On a GAAP basis, net income was approximately $13 million, which improved from $7.8 million reported last year. Also, net income on an adjusted basis (including stock-based compensation but excluding all one-time items) was $18.9 million compared with $12.4 million.
Rambus exited the quarter with cash, cash equivalents and marketable securities of roughly $287.7 million, down $75.2 million from the Sep 30, 2015 balance of $362.9 million, due to the repurchase of 7.8 million stocks under the company’s accelerated share repurchase program.
Buoyed by the better-than-expected fourth-quarter performance, Rambus issued encouraging first-quarter and full-year 2016 revenue outlook. For the first quarter, the company expects revenues between $71 million and $75 million (mid-point $73 million), higher than the Zacks Consensus Estimate of $72 million.
Full-year revenues are projected within $310 million to $325 million (mid-point $317.5 million), much higher than the Zacks Consensus Estimate of $294 million.
Acquisition of Smart Card Software Ltd
Concurrent with the fourth-quarter results, Rambus announced the acquisition of mobile payments technology developer, Smart Card Software Ltd., in a cash deal worth £64.7 million or over US$92 million.
With this acquisition, Rambus acquired two technologies. The first one is an advanced mobile payment platform developed by Bell Identification Ltd. (Bell ID) which also supports cloud-based services. The other one is a smart ticketing platform built by Ecebs Ltd. (Ecebs). Both the companies were wholly-owned subsidiaries of Smart Card Software.
Rambus intends to integrate these technologies into the Cryptography Research portfolio of products and services, thereby broadening the secure provisioning and management solutions offering. The acquisition is anticipated to be accretive to Rambus’ pro-forma earnings within the next 12 months.

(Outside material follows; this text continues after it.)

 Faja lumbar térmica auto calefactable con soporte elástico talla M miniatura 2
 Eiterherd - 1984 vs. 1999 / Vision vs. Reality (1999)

Extension of Patent License Agreement
In a separate press release, Rambus declared that it has extended the patent license agreement with Advanced Micro Devices Inc. AMD by five years.
Rambus reported strong fourth-quarter results with both the top line and the bottom line beating the respective Zacks Consensus Estimate. The quarterly revenues and earnings improved significantly from the year-ago period as well. Moreover, the company provided encouraging first-quarter and full-year 2016 revenue guidance.
Rambus is poised well to capitalize on the rising popularity of energy-efficient lighting, LED products in the latest architectural, retail, commercial and residential lighting fixtures. The recent acquisition of Smart Card Software will enhance its product offerings thereby boosting the top-line and the bottom-line performance over the long run, in our view.
Rambus is going through a restructuring phase and we expect it to yield favorable results. Additionally, licensing agreements — the result of successful monetization of Rambus’ patents — remain a recurring revenue source.
Currently, Rambus has a Zacks Rank #2 (Buy).